The local school is the polling station, just as is often the case back home. You go and identify yourself, you're checked against the list, you go into the booth to vote. One vote for European election, one vote for local mayor. There's no crossing of boxes, though - you pick up a slip of paper branded with the party of your choice, insert it into an envelope provided, and drop the sealed envelope into the relevant box. This means that a lot of the election bumph you receive in the mail during the build-up includes envelopes with slips of paper already in them, so you can just take that and drop it in the box if you so wish. Very thoughtful of them!
The count, unlike back home, takes place in the same rooms in which the votes do. Five classrooms were given over to the task, being grouped both regionally and by surnames - so Viana do Bolo, A to F for example. The doors are closed for the count but people gather in the hallways of the school and peer in through open, slatted windows. The envelopes are opened, the name of the party called out, and the score kept on the whiteboards in groups of five. So you can see a running total as the votes are read out. Regular 'shushing' is required to stop chattering spectators making too much noise for the count. The votes are also, of course, counted by observers and checked against each others' scores at the end to make sure they all agree.
A few envelopes contained no slip at all - the local equivalent of writing 'none of the above' on the slip, and one of them contained only a photograph of one of the candidates. Draw your own conclusions - it didn't count. A proportional representation of the votes left the council, as in so many other places, with no overall control. PP - think of them as the Conservatives - came out with four seats, PSOE - Labour equivalent - with three, and BNG - a sort of Galician Plaid Cymru - with four. Negotiations will now have to take place as to who becomes mayor and whether any two - realistically BNG and PSOE - can coalesce. It was extremely interesting to see it done somewhere else, despite a local copper and council member good-naturedly threatening to sling me out of the building because of Brexit. I voted to remain, I reminded them, earning me the right to remain to watch the rest of the 'show'.
Results across Spain, as in much of Europe, served mainly to illustrate increasing polarisation of European politics. Nowhere more though than in Britain. Seeing the results, I can't seriously believe that even committed Leavers find that boorish tosser Farage an appealing politician, but his party served to underline just how much anti-EU sentiment there is in Britain. (Or perhaps it's just an expression of 'Just get it done, for fuck's sake...) The rise of the pro-EU Lib Dems and Greens and Labour's incoherence on their stance, added to huge punishment of the Tories' own inabilities, made Britain's results as divided as anywhere that voted.

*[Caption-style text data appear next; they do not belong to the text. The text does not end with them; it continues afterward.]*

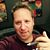 David Schwartz's profile image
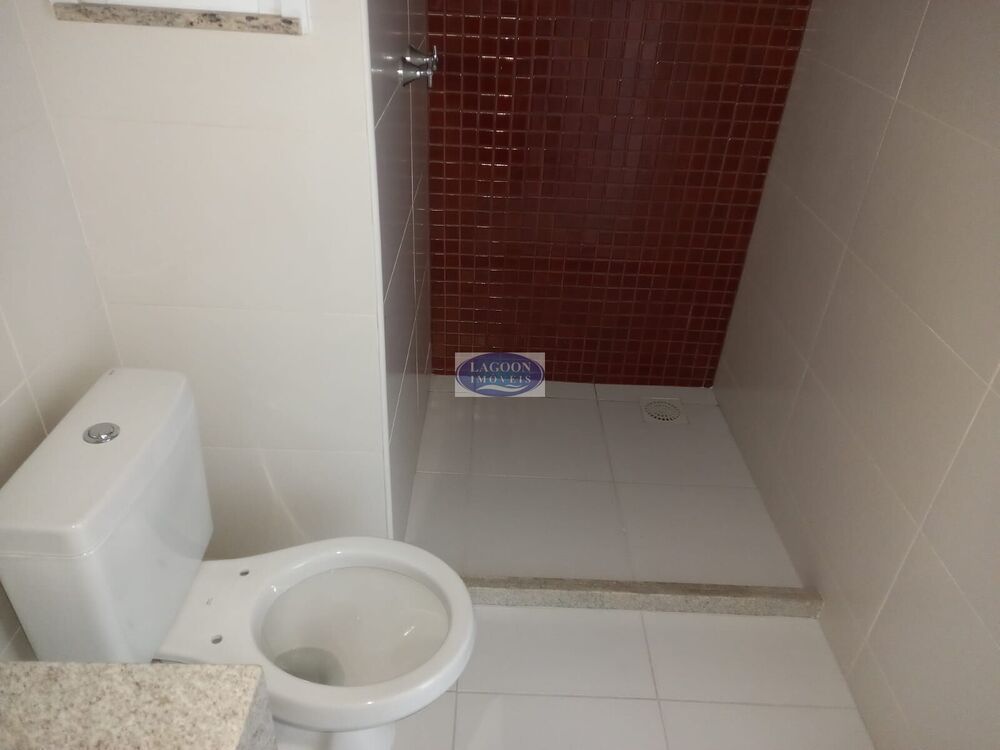 Apartamento, 2 quartos, 70 m² - Foto 10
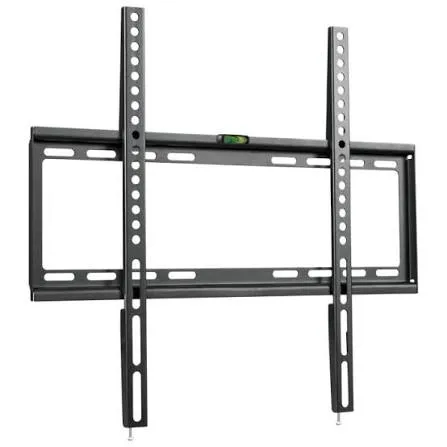 FLAT PANEL TV WALL MOUNT 50-100 | (1931) STAND RED BOX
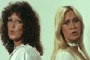 Abba - Mamma Mia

I've watched what's been going on in Britain with increasing apprehension, particularly given May's recent resignation. It's not that I think she was capable of doing a decent job of the Brexit negotiations - I defy anybody to navigate the conflicting desires of both sides of that debate with any success - so much as the fear of who might follow her. May at least isn't Boris Johnson, for example. She's been praised by all sides for remaining polite and calm, and I've always had some residual goodwill for her over her stance and work on Hillsborough. People have said she was dealt a bad hand and played it badly. I think she was dealt an impossible hand and played it no less well or badly than anybody else could.

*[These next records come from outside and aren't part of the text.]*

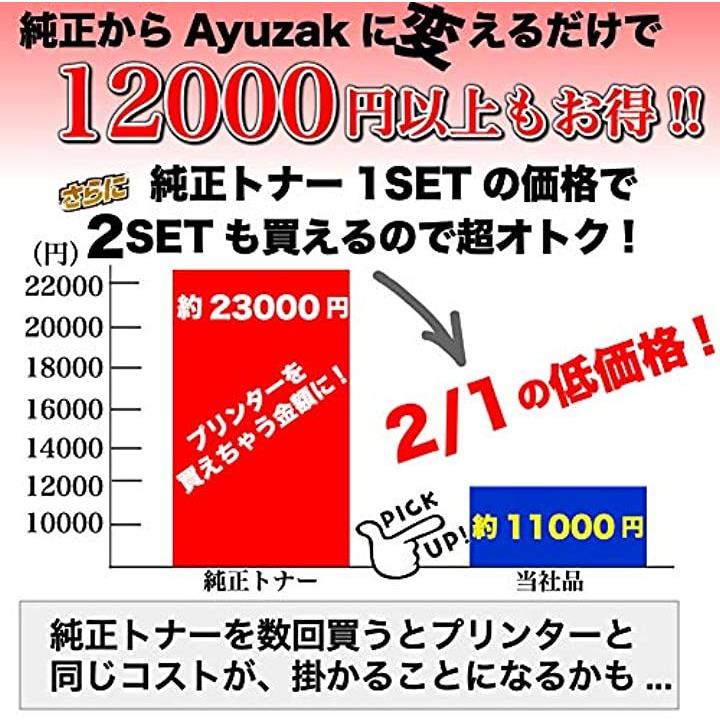 0000803f8000f7a3c723c80ff0fff0fdf0f3f0bff0fff083f0c3ffff88f3ffff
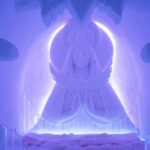 Alta: Igloo Ice Hotel and Hiking to the Frozen Waterfall. - Practical Considerations for Your Arctic Adventure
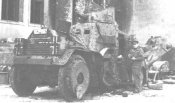 MarderII(132).jpg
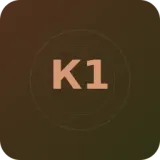 Кино 1 International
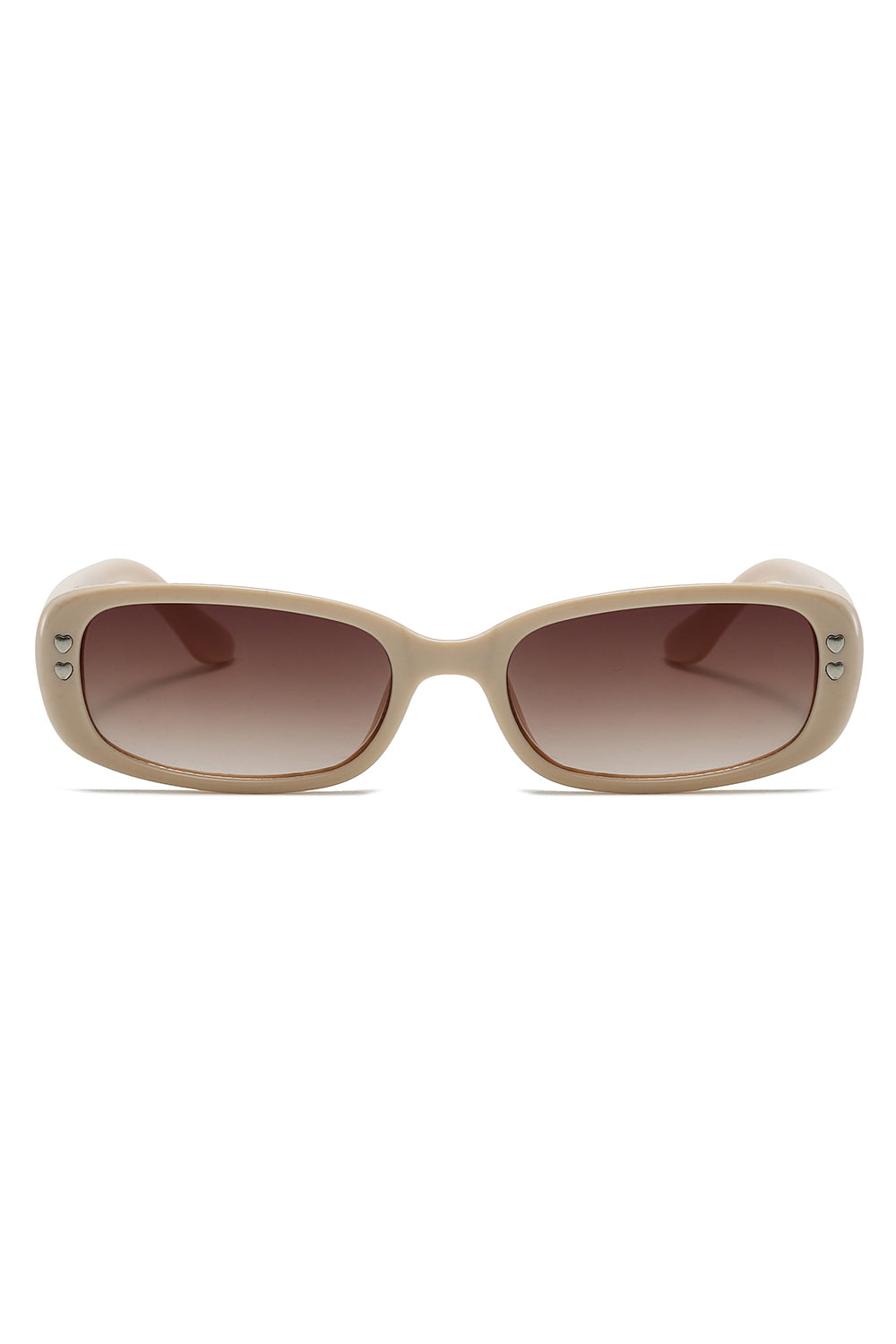 MUSE Ivory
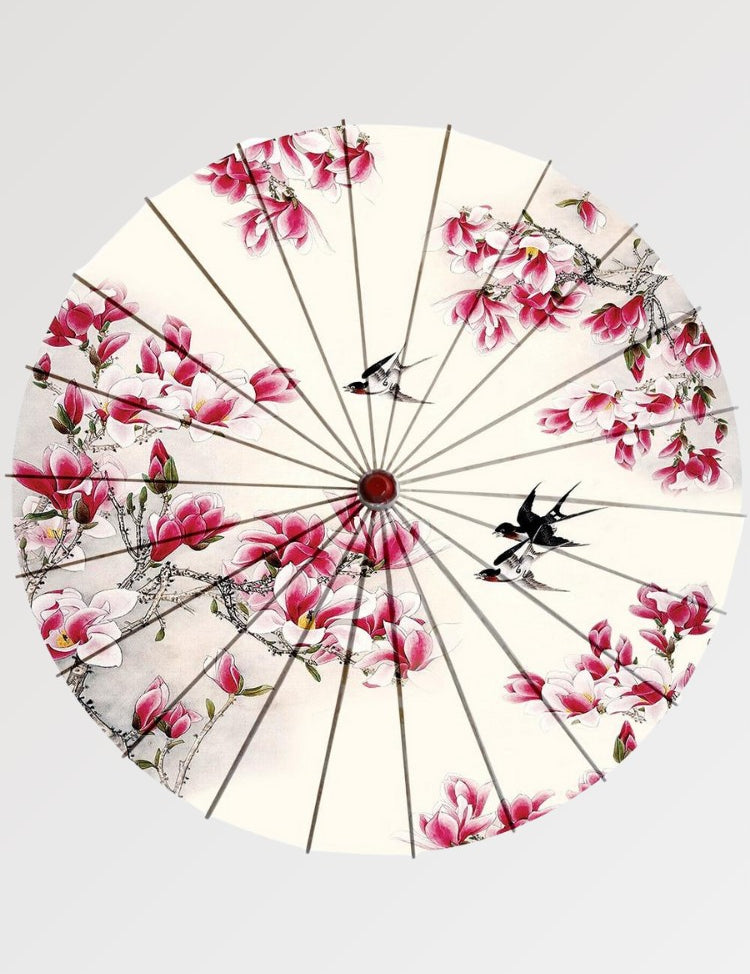 Parapluie-Japonais--Nomikomu--Japanstreet-1636642934.jpg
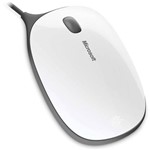 Mouse Microsoft Express Mouse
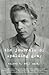 The Journals of Spalding Gray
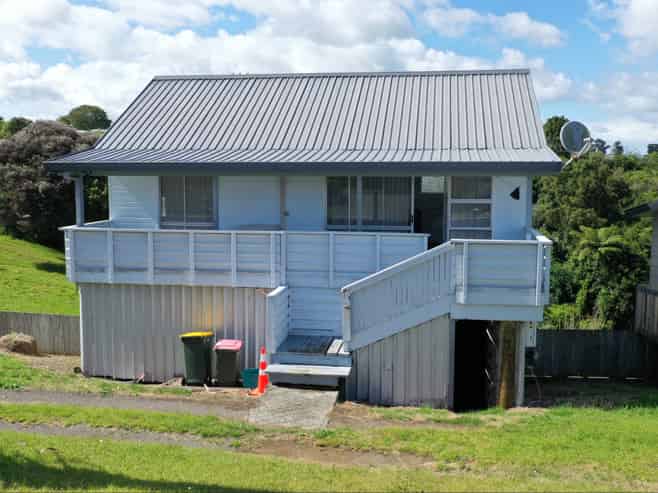 1 Kiokio Place, Maketu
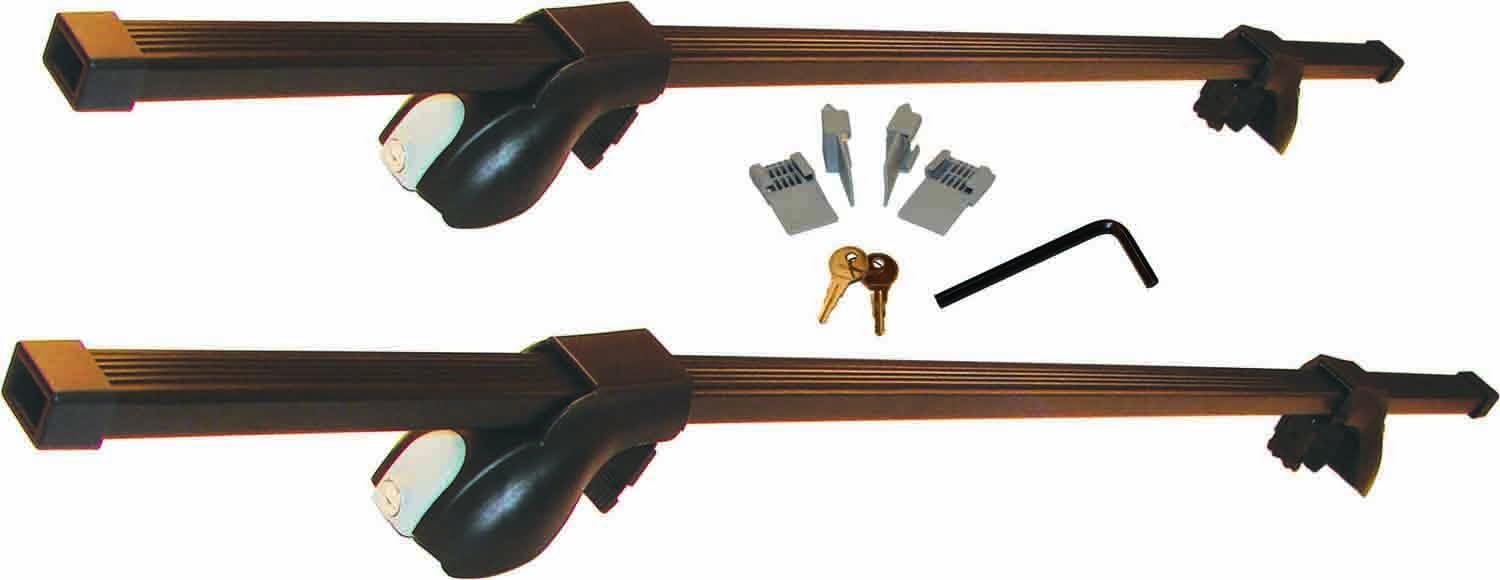 Universal Car Roof Rack G2197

What we may now get is some bug-eyed, foaming-at-the-mouth anti-European determined to pull us out of the EU under any circumstances. (Bloody foreigners! Keep the pound! Close the Chunnel! Ahh, India... If only we hadn't lost you...) The possibility that it may next be Boris to whom this most difficult negotiation is tasked, a man who already has a trail of gaffes, insults, casual racism and rule-breaking behind him, doesn't really bear thinking about. It was fun to watch him dangle from a rope slide waving flags in 2012 and all that, but hasn't his disastrous term as Foreign Secretary already demonstrated that giving him a real job is taking the joke much, much too far?
That the more moderate wing of the Tory party are already warning sternly against leaving with no deal or they may help 'bring down the government', and that such a thing is possible that people like Gove or Hunt almost look preferable to Johnson as next leader, shows just what sort of a shit-storm we're in the middle of.

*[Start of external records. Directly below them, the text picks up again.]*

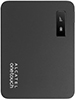 Alcatel OneTouch Y610D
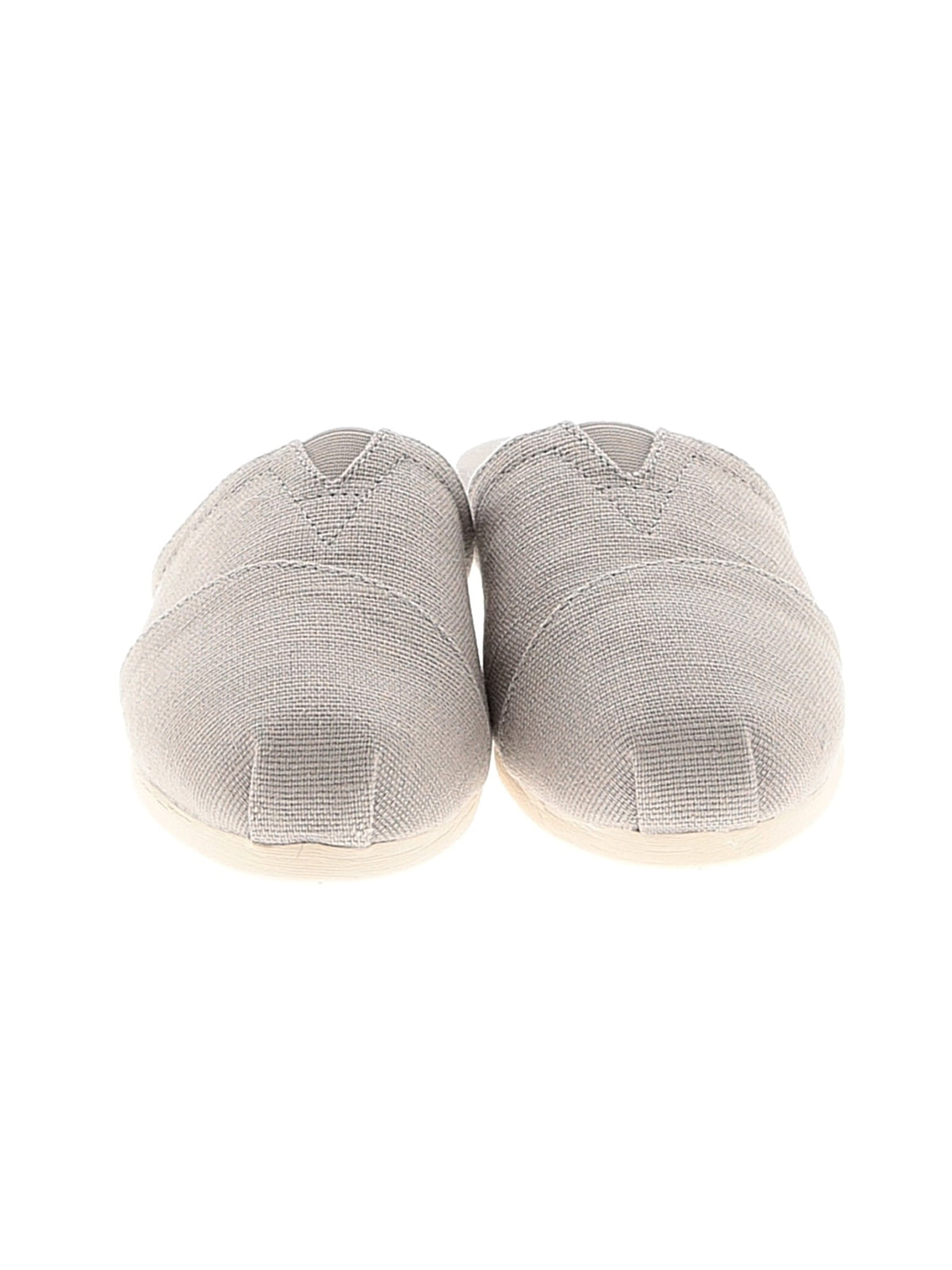 2 shoe size - 7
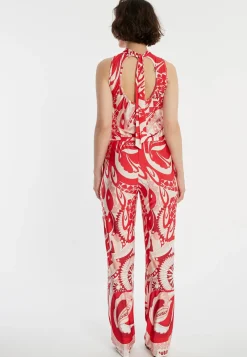 Jumpsuit Ziny
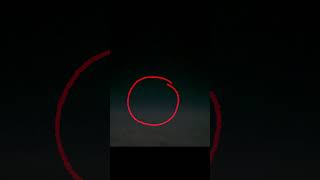 CheukFei X-Files in Asia - UFO filmed on plane JAPAN to HONG KONG 2024 #uap  #cheukfei  #UFO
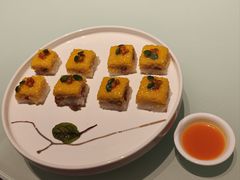 -山西饭店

It's all made last night's election here, which to some is simply about whether the road outside their house is going to finally be repaired or money can be found to employ another doctor locally*, for example, seem like much more of an exercise in real politics, frankly. Being there, seeing the count unfold, knowing the candidates and their seconds and thirds - it was actually fun. Who'd have thought?
*This is of course an over-simplification but it's that sort of stuff that motivates people here and can decide a person's vote.
Showing posts with label Labour. Show all posts
Showing posts with label Labour. Show all posts
Monday, 27 May 2019
Thursday, 30 June 2016
Implosions
Even a quick look at the political landscape in Britain right now
reveals the seismic changes that have already been brought about by last
Thursday’s result. I'm a very, very long way from a political expert, so can only say it as I see it, but it all rather suggests that the front each party presents to
the electorate has been tissue-paper thin all along. I suspect that would surprise
nobody (and could fill an entry all of its own), but it’s nonetheless a bit worrying.
On the one hand, the Tories are going through a leadership
election that was always going to happen if the vote went against Cameron. The
declared runners at time of writing are few, with likely candidates like Boris
Johnson* and Jeremy Hunt announcing they’re not running. but even so - you know
it’s grim when you’re looking at the selection and thinking to yourself ‘I hope
Theresa May wins’. And she’s been
backed by ‘Corrible’ Hunt – I’m sure she’s delighted.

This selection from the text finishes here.